Norfolk Constabulary has said that it’s filed a number of charges against three men from the West Norfolk Foxhounds over two hunting incidents in February.
According to the police, the first of these incidents occurred at Tittleshall on 8 February, during which Norfolk/Suffolk Hunt Saboteurs said the West Norfolk Foxhounds chased a fox. The second incident relates hounds from the same hunt killing a fox in a residential garden in Hingham on 22 February. Footage of this was caught by the home’s CCTV camera, and the video hit national headlines at the time.
Norfolk Constabulary said it had made the following charges:
- Two counts of illegal hunting at Tittleshall and Hingham.
- Two counts of being in charge of a dangerously out-of-control dog in Tittleshall and Hingham
- Three counts of criminal damage to a property in Hingham.
And the three people involved were huntsman Edward “Mikey” Bell, whipper-in Adam Egginton, and master Andrew Kendall.
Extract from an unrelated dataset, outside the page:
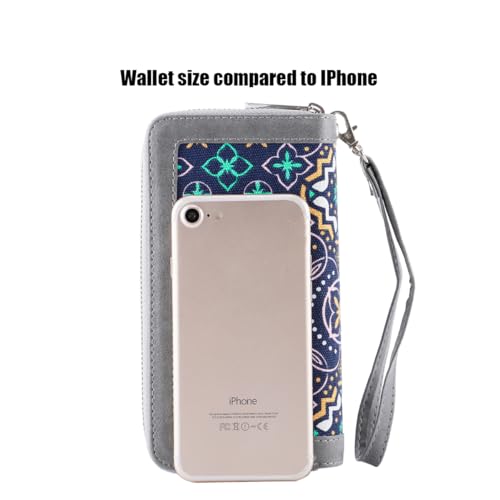 XEYOU Double Zipper Long Clutch Wallet Cellphone Wallet for Women with Removable Wristlet Strap for Credit Card, Cash, Coin, Bill - Image 3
It’s not currently clear who faces which charges.
Police also laid a further charge each against Egginton and Kendall of encouraging or assisting the commission of a crime. The plea hearing is set for 23 June.
Sadly, in both incidents, the West Norfolk Foxhounds appears to have killed the fox it was chasing.
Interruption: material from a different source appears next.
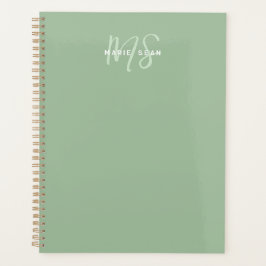 Sage Groen Minimalistisch Eenvoudig Twee Monogram Planner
West Norfolk Foxhounds – organised crime group?
It’s the first time that people connected to the West Norfolk Foxhounds have faced Hunting Act charges. However, it comes just a few months after three members of the Norfolk-based Dunston Harriers went to trial for chasing a hare in 2022. Magistrates found those three not guilty. But it nonetheless reflected changing attitudes.
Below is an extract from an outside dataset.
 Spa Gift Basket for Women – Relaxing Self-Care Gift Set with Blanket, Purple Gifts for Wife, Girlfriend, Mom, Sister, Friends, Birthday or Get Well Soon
Hunts haven’t changed their attitudes, nor have local sab and monitor groups changed their actions. The latter has repeatedly exposed the former for their cruel activities for years. What has changed, however, is the police’s willingness to take hunting with hounds seriously as a crime.
As Protect the Wild previously reported, senior police officer Matt Longman publicly commended Wiltshire Hunt Saboteurs for its role in exposing the disgraced Avon Vale Hunt. Longman had also stated to the Times that he believed illegal hunting is “prolific”. And these statements came roughly a year after Wild Mammal Persecution UK had said that two police forces were starting to treat hunts as organised crime groups.
Police in Norfolk were involved in coordinated nationwide raids on terriermen and hunt kennels in January this year. The event was the first sign that what Wild Mammal Persecution UK had said might be true. Now it appears Norfolk Constabulary is continuing to tug on the thread of the rapidly unravelling hunting industry.
The tide has turned
Responding to the news, Norfolk/Suffolk Hunt Saboteurs flagged up a name change on the hunt’s official documents. Its registered name on Companies House changed on 8 May from West Norfolk Foxhounds Ltd to WNTH. The sab group said this may stand for West Norfolk Trail Hounds.
A name change isn’t convincing anyone, though. It’s clear this hunt terrorises and kills just like its kin. And even though a guilty verdict may bring a pitiful penalty, the charges alone are another sign that the tide has finally turned against the hunting industry.